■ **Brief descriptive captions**

[Start of Attachment]

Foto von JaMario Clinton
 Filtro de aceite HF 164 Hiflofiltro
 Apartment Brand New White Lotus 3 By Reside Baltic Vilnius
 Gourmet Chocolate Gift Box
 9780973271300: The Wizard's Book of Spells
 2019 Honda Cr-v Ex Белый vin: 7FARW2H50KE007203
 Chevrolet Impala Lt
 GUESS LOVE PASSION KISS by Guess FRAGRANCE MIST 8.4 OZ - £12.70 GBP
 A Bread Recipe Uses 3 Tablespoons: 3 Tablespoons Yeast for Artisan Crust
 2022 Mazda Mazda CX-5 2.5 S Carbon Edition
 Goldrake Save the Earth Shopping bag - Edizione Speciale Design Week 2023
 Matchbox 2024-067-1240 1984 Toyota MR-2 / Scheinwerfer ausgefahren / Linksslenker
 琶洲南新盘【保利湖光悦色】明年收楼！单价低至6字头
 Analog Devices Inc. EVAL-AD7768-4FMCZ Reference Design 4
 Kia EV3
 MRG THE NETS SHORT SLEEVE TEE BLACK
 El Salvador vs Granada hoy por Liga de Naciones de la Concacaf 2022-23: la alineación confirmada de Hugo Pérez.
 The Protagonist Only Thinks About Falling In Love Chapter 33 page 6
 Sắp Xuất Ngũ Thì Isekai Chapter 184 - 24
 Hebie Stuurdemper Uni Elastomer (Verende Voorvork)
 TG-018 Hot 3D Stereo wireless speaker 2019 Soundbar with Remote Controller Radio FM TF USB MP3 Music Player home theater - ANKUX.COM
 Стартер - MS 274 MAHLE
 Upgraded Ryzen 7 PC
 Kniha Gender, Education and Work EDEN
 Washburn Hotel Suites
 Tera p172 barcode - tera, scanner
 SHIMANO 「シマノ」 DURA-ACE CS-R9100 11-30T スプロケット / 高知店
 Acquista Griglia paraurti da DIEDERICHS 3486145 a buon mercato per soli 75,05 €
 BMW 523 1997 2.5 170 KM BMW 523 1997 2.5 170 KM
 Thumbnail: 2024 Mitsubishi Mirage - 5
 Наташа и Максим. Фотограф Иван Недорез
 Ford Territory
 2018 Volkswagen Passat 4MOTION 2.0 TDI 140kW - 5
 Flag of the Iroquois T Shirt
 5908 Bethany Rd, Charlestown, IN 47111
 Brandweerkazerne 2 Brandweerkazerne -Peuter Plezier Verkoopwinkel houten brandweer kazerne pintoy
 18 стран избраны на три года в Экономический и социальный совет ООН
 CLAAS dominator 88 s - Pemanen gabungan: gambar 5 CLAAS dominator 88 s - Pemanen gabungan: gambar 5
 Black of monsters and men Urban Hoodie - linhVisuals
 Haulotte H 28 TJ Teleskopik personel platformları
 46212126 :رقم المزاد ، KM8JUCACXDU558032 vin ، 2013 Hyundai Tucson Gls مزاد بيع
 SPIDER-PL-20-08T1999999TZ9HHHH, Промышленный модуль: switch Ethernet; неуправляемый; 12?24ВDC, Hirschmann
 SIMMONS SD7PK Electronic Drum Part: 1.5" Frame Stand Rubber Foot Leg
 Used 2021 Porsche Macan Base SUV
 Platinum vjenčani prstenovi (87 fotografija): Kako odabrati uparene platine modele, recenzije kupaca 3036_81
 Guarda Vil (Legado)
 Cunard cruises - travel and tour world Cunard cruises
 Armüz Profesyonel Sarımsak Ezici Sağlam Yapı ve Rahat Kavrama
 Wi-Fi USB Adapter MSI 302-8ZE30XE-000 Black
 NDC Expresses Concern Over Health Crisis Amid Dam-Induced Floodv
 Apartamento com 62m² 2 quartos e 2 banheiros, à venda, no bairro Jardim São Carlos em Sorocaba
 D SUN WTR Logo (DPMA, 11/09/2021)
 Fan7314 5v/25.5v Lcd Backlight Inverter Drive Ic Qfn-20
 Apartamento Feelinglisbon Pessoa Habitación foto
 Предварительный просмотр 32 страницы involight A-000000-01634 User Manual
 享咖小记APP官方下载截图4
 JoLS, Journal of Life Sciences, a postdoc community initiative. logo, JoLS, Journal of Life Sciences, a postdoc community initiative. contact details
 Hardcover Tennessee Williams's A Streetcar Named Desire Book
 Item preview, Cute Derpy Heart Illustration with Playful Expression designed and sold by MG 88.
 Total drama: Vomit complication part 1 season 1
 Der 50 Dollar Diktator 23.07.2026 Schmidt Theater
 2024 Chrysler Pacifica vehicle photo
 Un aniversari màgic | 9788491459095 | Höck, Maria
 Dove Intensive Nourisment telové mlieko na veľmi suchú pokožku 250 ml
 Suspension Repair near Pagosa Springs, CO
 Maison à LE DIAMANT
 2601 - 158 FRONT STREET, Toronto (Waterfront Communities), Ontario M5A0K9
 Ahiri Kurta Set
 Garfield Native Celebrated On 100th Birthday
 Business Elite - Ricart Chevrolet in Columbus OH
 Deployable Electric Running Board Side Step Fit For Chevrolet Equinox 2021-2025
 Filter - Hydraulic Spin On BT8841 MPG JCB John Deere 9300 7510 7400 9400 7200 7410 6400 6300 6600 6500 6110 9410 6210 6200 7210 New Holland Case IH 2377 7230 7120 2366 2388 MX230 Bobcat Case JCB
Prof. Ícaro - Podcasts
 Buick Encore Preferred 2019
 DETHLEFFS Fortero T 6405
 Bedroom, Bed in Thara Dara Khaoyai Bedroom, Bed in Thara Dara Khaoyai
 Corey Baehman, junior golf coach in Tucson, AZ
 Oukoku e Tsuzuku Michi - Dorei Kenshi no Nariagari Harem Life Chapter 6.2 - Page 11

[End of Attachment]

■ **What to work on**
The lines above from the one with "BMW 523 1997 2.5 170 KM BMW" through the one with "Brandweerkazerne 2 Brandweerkazerne" are to be duplicated exactly, ends included, with nothing added.

■ **Task output**
 BMW 523 1997 2.5 170 KM BMW 523 1997 2.5 170 KM
 Thumbnail: 2024 Mitsubishi Mirage - 5
 Наташа и Максим. Фотограф Иван Недорез
 Ford Territory
 2018 Volkswagen Passat 4MOTION 2.0 TDI 140kW - 5
 Flag of the Iroquois T Shirt
 5908 Bethany Rd, Charlestown, IN 47111
 Brandweerkazerne 2 Brandweerkazerne -Peuter Plezier Verkoopwinkel houten brandweer kazerne pintoy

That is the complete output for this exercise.